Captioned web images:
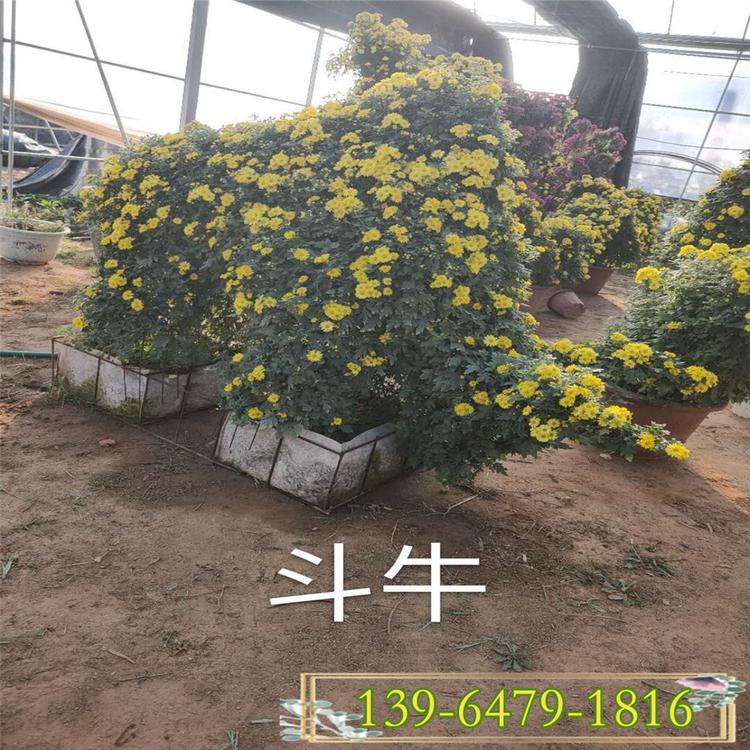 国庆菊牛造型价格 五色草造型 十月一菊花展造型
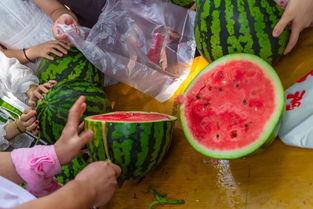 抓鱼吃瓜视频在线观看免费,在线观看视频盛宴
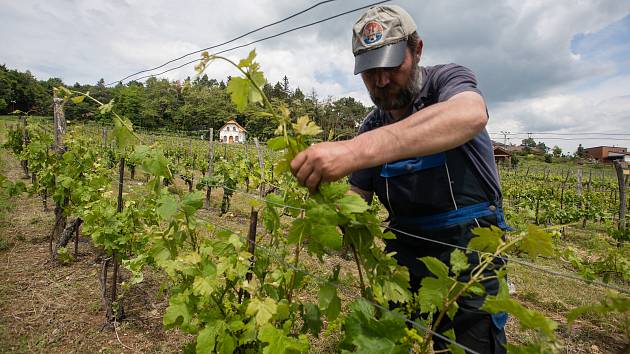 Hodně deště vyhání vinaře ze Sádku do vinohradu, likvidují plísně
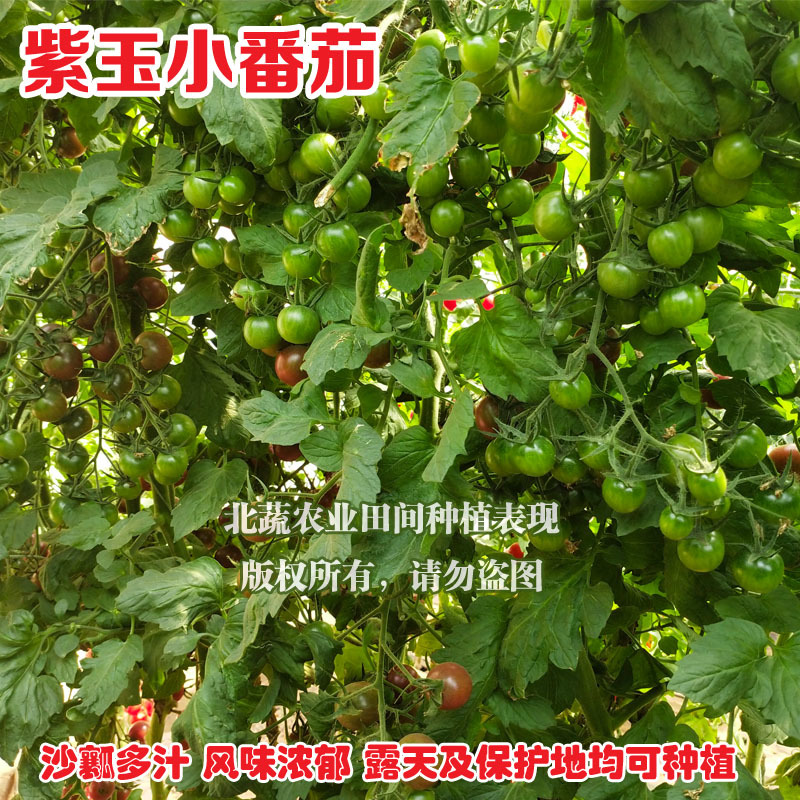 圣女果种子紫色小番茄种籽紫玉超甜小柿子籽好吃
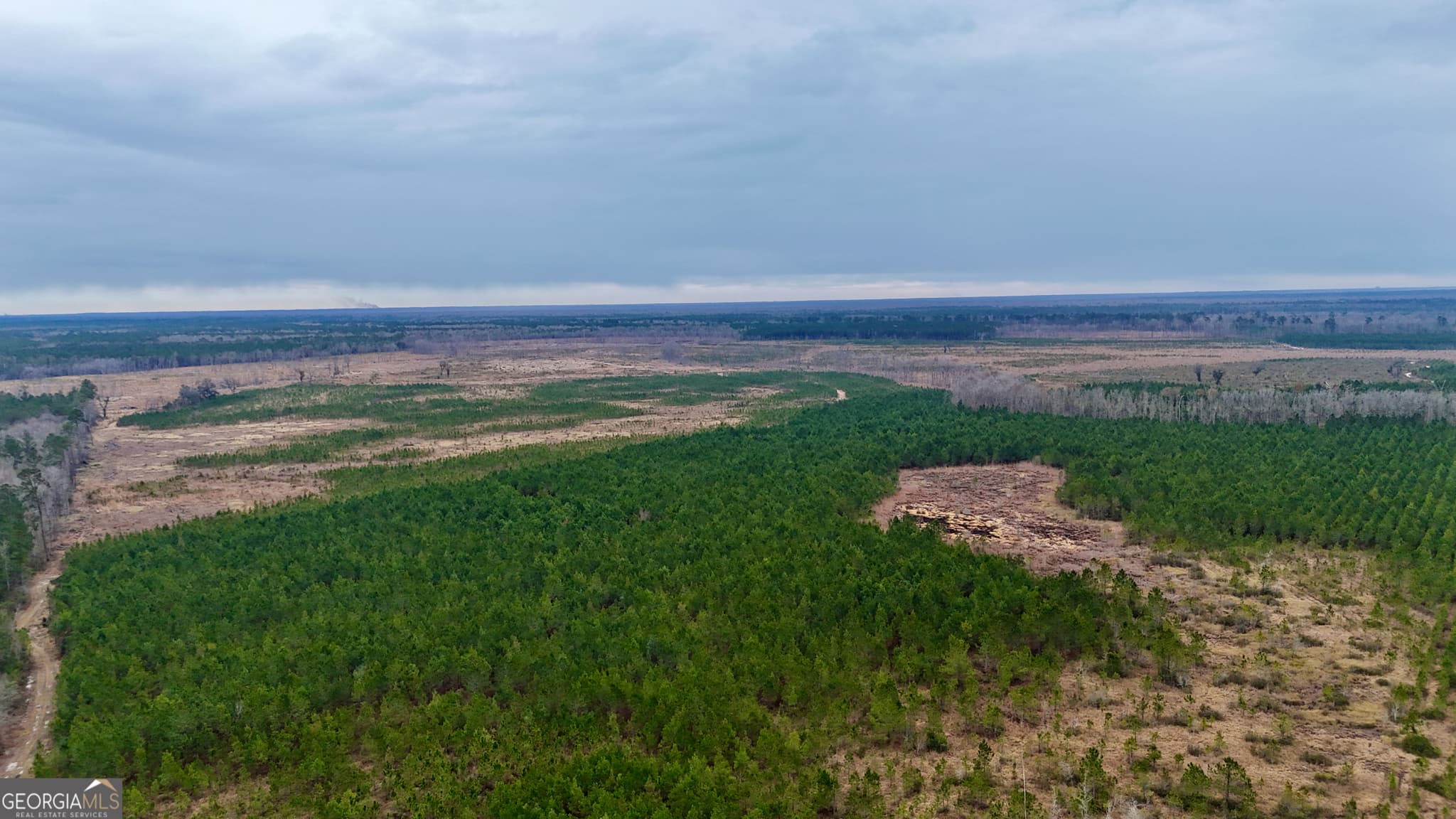 agriculture for sale at 0 Highway 121, Glennville, GA 30427 — photo 6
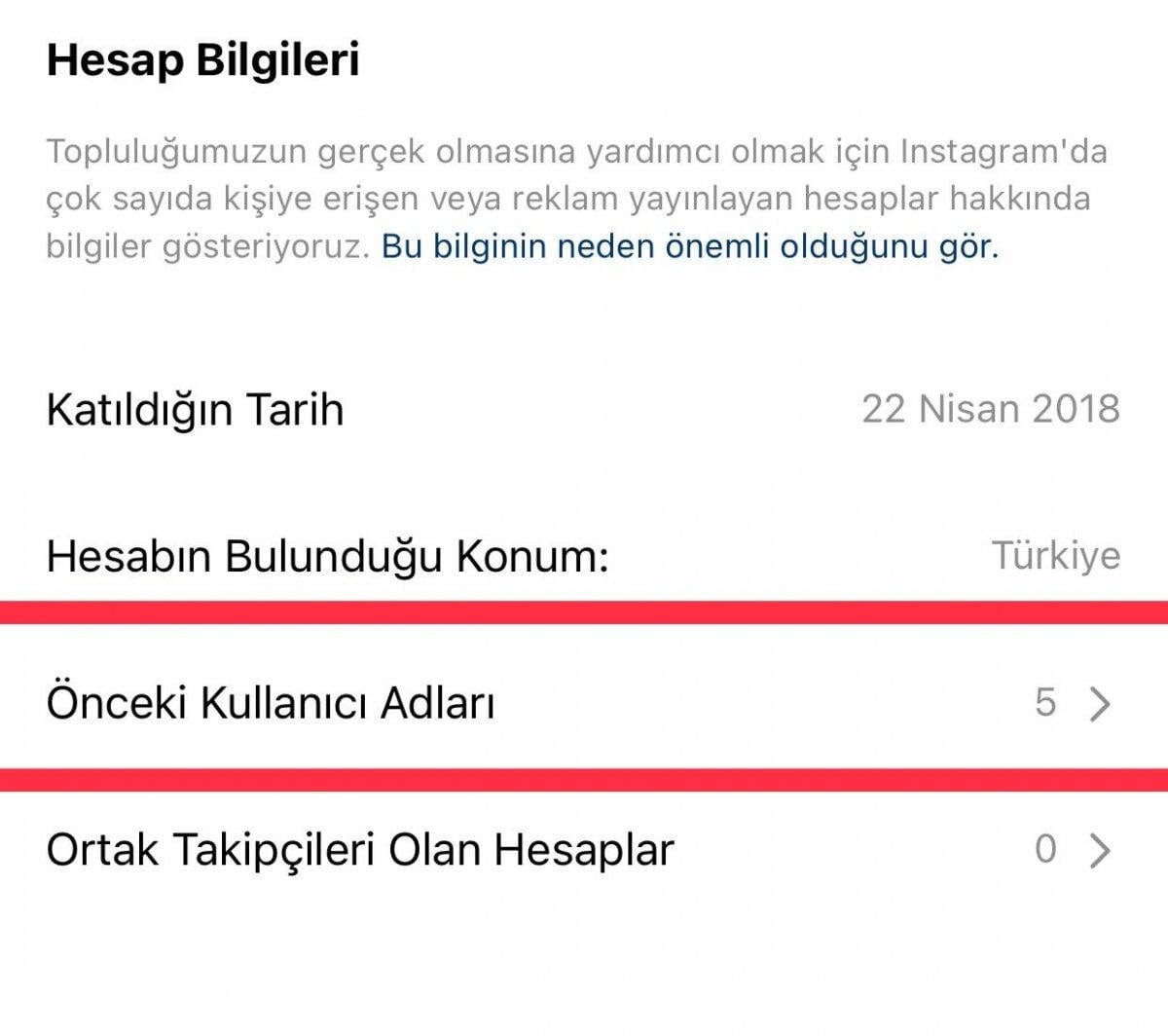 Instagram eski kullanıcı adı nasıl, nereden bulunur? Instagram'da önceki kullanıcı adını görme 2021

▸ ASSIGNMENT: Each entry above should be reproduced exactly, with the pictures removed.

▸ EXERCISE OUTPUT:
 国庆菊牛造型价格 五色草造型 十月一菊花展造型
 抓鱼吃瓜视频在线观看免费,在线观看视频盛宴
 Hodně deště vyhání vinaře ze Sádku do vinohradu, likvidují plísně
 圣女果种子紫色小番茄种籽紫玉超甜小柿子籽好吃
 agriculture for sale at 0 Highway 121, Glennville, GA 30427 — photo 6
 Instagram eski kullanıcı adı nasıl, nereden bulunur? Instagram'da önceki kullanıcı adını görme 2021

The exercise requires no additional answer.